-- Required work --
State the number of lines in these records that include the word "Value", and add nothing to it.

-- Entries supplied --

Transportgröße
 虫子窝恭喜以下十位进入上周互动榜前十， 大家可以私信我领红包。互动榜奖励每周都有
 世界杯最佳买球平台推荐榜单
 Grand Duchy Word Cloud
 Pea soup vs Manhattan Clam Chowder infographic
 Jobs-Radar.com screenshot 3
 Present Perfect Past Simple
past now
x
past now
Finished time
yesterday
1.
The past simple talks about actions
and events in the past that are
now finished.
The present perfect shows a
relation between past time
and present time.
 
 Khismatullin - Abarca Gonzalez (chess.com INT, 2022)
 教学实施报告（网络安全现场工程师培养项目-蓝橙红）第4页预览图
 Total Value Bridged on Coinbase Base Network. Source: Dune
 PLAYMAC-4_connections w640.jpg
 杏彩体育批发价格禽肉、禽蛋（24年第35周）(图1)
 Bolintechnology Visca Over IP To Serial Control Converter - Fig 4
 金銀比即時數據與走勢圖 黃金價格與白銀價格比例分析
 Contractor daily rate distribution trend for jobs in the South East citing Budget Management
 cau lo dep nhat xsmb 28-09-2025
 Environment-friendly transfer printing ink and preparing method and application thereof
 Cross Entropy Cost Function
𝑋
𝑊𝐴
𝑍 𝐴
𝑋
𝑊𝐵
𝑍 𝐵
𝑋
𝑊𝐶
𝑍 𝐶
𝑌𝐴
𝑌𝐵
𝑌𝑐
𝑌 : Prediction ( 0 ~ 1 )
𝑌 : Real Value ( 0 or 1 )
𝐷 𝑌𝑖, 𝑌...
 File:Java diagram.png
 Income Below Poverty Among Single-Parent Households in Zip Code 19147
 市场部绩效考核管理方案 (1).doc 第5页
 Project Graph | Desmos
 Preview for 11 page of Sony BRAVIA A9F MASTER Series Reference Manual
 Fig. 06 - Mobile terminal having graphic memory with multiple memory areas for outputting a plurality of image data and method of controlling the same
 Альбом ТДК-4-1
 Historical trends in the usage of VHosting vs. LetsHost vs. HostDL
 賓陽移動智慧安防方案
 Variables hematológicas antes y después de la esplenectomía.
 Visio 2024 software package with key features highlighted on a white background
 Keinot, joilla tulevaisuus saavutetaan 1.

-- Answer for the task --
2